* Task description:
Your task is to retype, exactly and without pictures, the line holding "Night Suit for Kids (P-KNS-15)" and each line that follows it to the end of the entries.

* Data for this task:

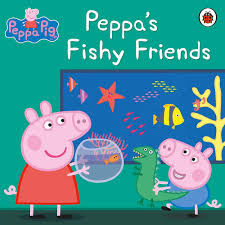 Peppa's Fishy Friends 이미지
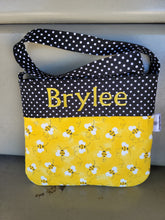 Load image into Gallery viewer, Bee's Girls purse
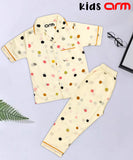 Night Suit for Kids (P-KNS-15)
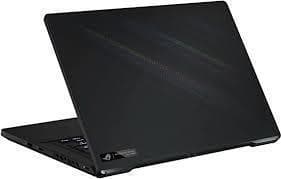 NOTEBOOK Asus, "ROG Zephyrus M16" 16.0 inch, i9-12900H, 32 GB DDR5, SSD 2 TB, nVidia GeForce RTX 3070 Ti, Free DOS, "GU603ZW-K8063" (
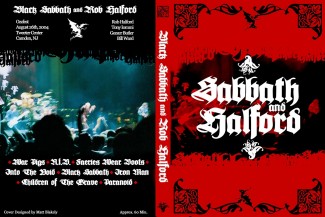 Cover Artwork Preview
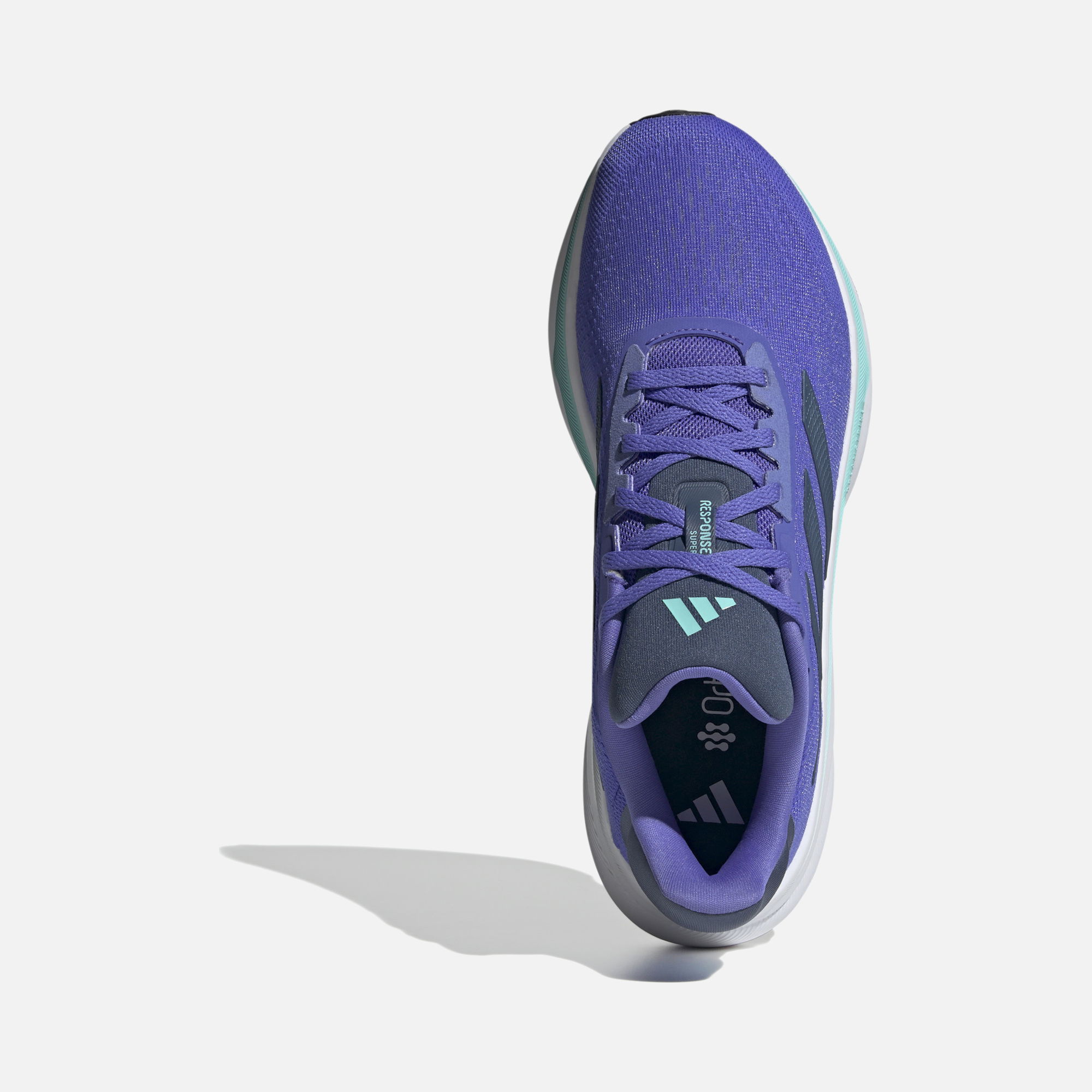 adidas Response Super Short Distance Running Erkek Spor Ayakkabı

* Solved problem:
 Night Suit for Kids (P-KNS-15)
 NOTEBOOK Asus, "ROG Zephyrus M16" 16.0 inch, i9-12900H, 32 GB DDR5, SSD 2 TB, nVidia GeForce RTX 3070 Ti, Free DOS, "GU603ZW-K8063" (
 Cover Artwork Preview
 adidas Response Super Short Distance Running Erkek Spor Ayakkabı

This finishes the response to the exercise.